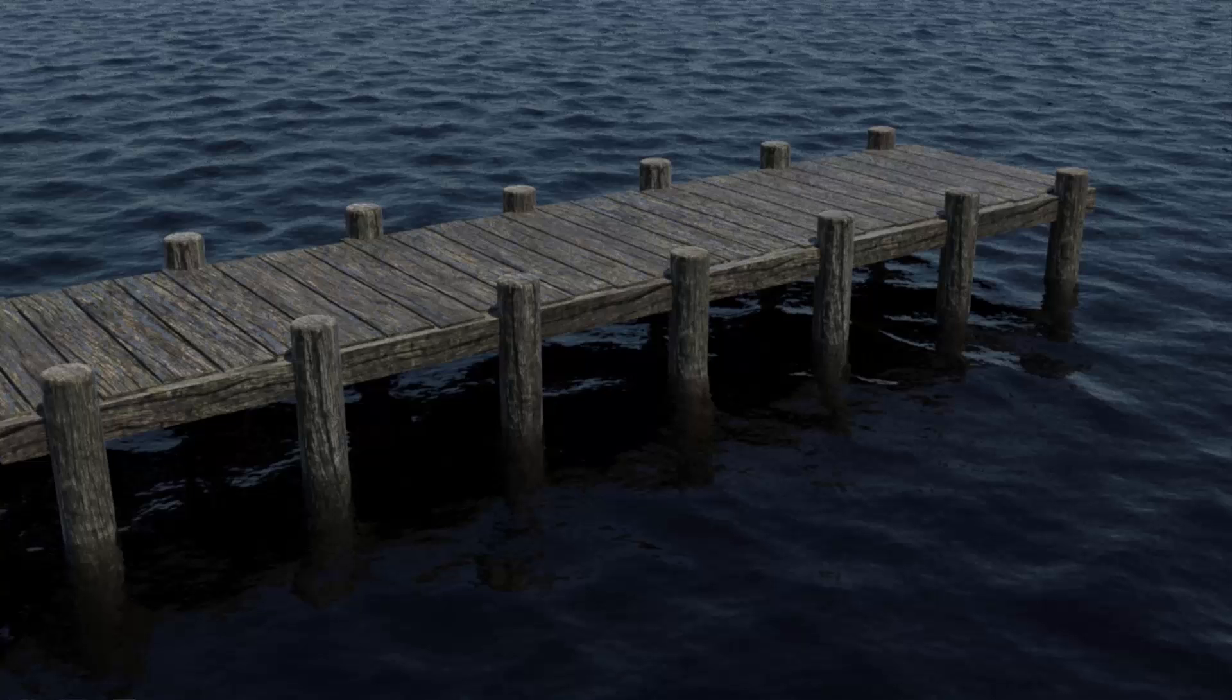I'm going to run through how to make this water scene inside 3ds Max using the art renderer and the physical camera. So let's get started.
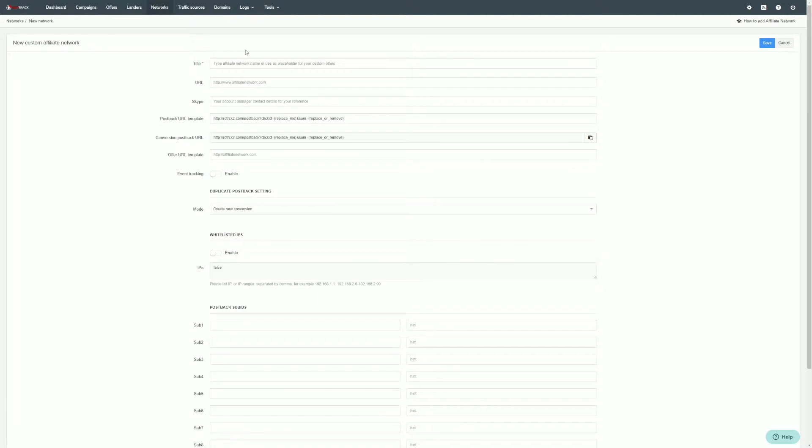Fill in the necessary fields: network title and URL.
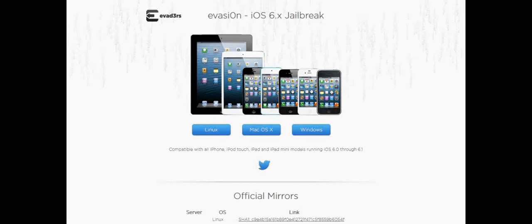What's up guys, this morning I woke up to find out that Evasion has finally been released for Linux, Mac OS X and Windows. In this video I'm going to show you how to finally jailbreak your iDevice on iOS 6.1 Untethered. So let's get started.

━━━━━━━━━━━━━━━━━━━━━━━━━━━━━━

§ **WHAT TO WORK ON**:
If a line holds a picture, skip the picture and transcribe the rest of the material exactly.

§ **EXERCISE RESULT**:
I'm going to run through how to make this water scene inside 3ds Max using the art renderer and the physical camera. So let's get started.
Fill in the necessary fields: network title and URL.
What's up guys, this morning I woke up to find out that Evasion has finally been released for Linux, Mac OS X and Windows. In this video I'm going to show you how to finally jailbreak your iDevice on iOS 6.1 Untethered. So let's get started.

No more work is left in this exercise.